I always include fresh fruit and vegetables in their lunchboxes but I’ve found that if they have to work too hard, they’ll just leave it. Bananas and unpeeled citrus fruit, whole apples, etc. come back as is. So I’ve decided to always slice the fruit and place in little plastic containers with lids OR to make fun skewers. I often cut out shapes with cookie cutters when I’m feeling very energetic otherwise I just cube and thread onto bamboo skewers I buy in bulk. I also sometimes make them these gorgeous ‘mezze’ skewers with some cold meat, cherry tomatoes, olives and cheese (although Aidan doesn’t like cheese so his is without). Other vegetables I include range from cherry tomatoes, cucumber slices, baby carrots/sticks, broccoli (yes really. Abi is obsessed with broccoli) and baby corn. I find any other vegetables a bit of a challenge and pushing my kids’ willingness. It helps when I include a small pot of tzatziki for dipping (which my kids adore). Of course, the one thing that never comes back uneaten is yoghurt. I always include a pot of yoghurt.
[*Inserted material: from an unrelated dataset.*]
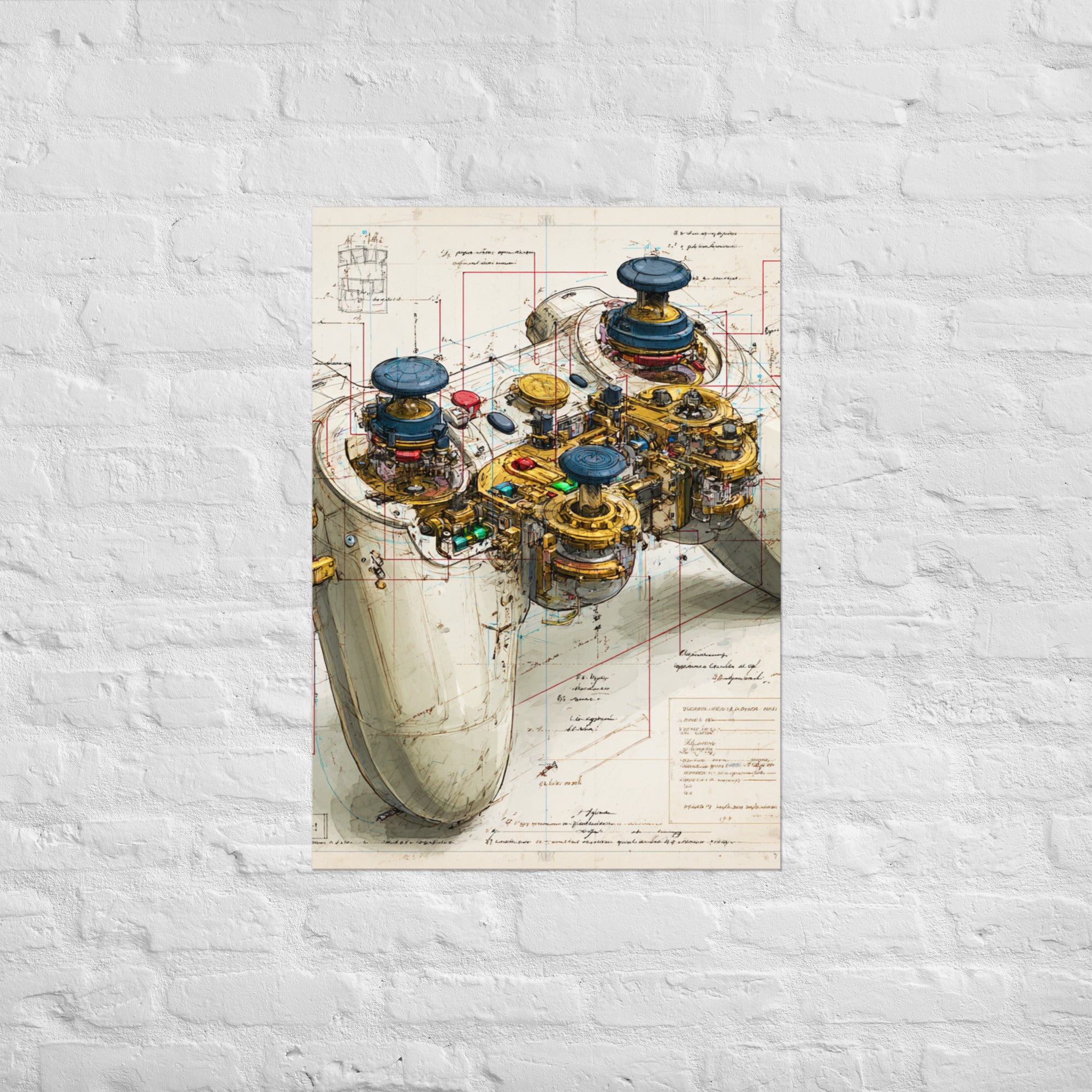 Study No. 7 gallery gaming wall art on Enhanced Matte Paper, A1 size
When it comes to sandwiches, if your children are willing to venture past peanut butter or ham, there are a plethora of ideas to take an average sandwich to new heights. Use wholewheat/Low GI/Rye if your kids will eat it and any of these fillings:
- Chicken/Egg/Tuna mayonnaise. Replace half of the mayo with Greek yoghurt and add chopped carrots, celery or cucumber to the mixture for added crunch and nutrients.
- Hummus, grilled chicken (replace with shaved chicken if wanted), grated carrot.
- Basil pesto, tomatoes and thinly sliced mozzarella.
- Left-over roast meat and gherkins.
- Bacon, lettuce and tomato.
- Roast beef, lettuce, mustard and thinly sliced cucumber.
A cute idea is to make ‘sushi’ out of your child’s sandwich. Here I used mayo, ham, carrots and cucumber. Simply flatten the bread and cut off the crust then top the bread with ham, grated cheese, cucumber, carrots, etc, roll up tightly and slice. You could secure them with a toothpick, but I add a little more mayo if they look like they’re unravelling. My kids love it when I do this and I feel like a bit of a supermom when I do, so it’s a win-win for all of us.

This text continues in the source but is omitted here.